Leaving out every line that comes before the one containing "Snapshot of RylHoneyy", output the rest of the records exactly, the final line included.

Material provided:
= Beginning of Section =
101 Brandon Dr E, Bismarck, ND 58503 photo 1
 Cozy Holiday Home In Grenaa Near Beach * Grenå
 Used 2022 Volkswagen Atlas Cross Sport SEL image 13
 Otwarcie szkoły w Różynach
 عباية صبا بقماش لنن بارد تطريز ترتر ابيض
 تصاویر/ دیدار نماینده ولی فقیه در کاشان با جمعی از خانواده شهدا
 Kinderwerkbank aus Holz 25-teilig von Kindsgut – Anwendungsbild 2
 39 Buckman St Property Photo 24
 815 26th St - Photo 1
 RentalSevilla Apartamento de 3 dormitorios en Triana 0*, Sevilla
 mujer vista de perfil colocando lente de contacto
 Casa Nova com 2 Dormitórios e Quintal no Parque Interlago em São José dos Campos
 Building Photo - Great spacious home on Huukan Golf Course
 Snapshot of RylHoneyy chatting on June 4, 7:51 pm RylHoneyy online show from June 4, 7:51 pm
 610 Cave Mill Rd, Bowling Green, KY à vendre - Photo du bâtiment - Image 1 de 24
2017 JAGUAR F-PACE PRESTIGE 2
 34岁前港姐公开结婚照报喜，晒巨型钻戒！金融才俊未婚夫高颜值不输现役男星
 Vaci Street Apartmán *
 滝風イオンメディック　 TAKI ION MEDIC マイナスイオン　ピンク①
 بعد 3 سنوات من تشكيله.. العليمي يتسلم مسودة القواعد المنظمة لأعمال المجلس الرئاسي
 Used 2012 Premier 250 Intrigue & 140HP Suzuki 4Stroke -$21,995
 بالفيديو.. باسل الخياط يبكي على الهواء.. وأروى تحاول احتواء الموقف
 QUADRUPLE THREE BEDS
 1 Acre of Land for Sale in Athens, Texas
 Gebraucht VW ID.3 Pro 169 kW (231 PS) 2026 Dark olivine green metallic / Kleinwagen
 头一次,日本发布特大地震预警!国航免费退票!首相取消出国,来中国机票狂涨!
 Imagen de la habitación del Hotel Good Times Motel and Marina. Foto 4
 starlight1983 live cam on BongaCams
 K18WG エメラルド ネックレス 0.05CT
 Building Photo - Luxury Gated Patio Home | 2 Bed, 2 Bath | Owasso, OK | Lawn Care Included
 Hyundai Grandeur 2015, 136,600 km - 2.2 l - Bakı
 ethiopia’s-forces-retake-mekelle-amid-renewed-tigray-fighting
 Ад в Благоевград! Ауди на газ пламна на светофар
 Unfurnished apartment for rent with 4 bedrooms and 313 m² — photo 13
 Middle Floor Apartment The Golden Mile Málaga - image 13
= End of Section =
Answer for the task:
 Snapshot of RylHoneyy chatting on June 4, 7:51 pm RylHoneyy online show from June 4, 7:51 pm
 610 Cave Mill Rd, Bowling Green, KY à vendre - Photo du bâtiment - Image 1 de 24
2017 JAGUAR F-PACE PRESTIGE 2
 34岁前港姐公开结婚照报喜，晒巨型钻戒！金融才俊未婚夫高颜值不输现役男星
 Vaci Street Apartmán *
 滝風イオンメディック　 TAKI ION MEDIC マイナスイオン　ピンク①
 بعد 3 سنوات من تشكيله.. العليمي يتسلم مسودة القواعد المنظمة لأعمال المجلس الرئاسي
 Used 2012 Premier 250 Intrigue & 140HP Suzuki 4Stroke -$21,995
 بالفيديو.. باسل الخياط يبكي على الهواء.. وأروى تحاول احتواء الموقف
 QUADRUPLE THREE BEDS
 1 Acre of Land for Sale in Athens, Texas
 Gebraucht VW ID.3 Pro 169 kW (231 PS) 2026 Dark olivine green metallic / Kleinwagen
 头一次,日本发布特大地震预警!国航免费退票!首相取消出国,来中国机票狂涨!
 Imagen de la habitación del Hotel Good Times Motel and Marina. Foto 4
 starlight1983 live cam on BongaCams
 K18WG エメラルド ネックレス 0.05CT
 Building Photo - Luxury Gated Patio Home | 2 Bed, 2 Bath | Owasso, OK | Lawn Care Included
 Hyundai Grandeur 2015, 136,600 km - 2.2 l - Bakı
 ethiopia’s-forces-retake-mekelle-amid-renewed-tigray-fighting
 Ад в Благоевград! Ауди на газ пламна на светофар
 Unfurnished apartment for rent with 4 bedrooms and 313 m² — photo 13
 Middle Floor Apartment The Golden Mile Málaga - image 13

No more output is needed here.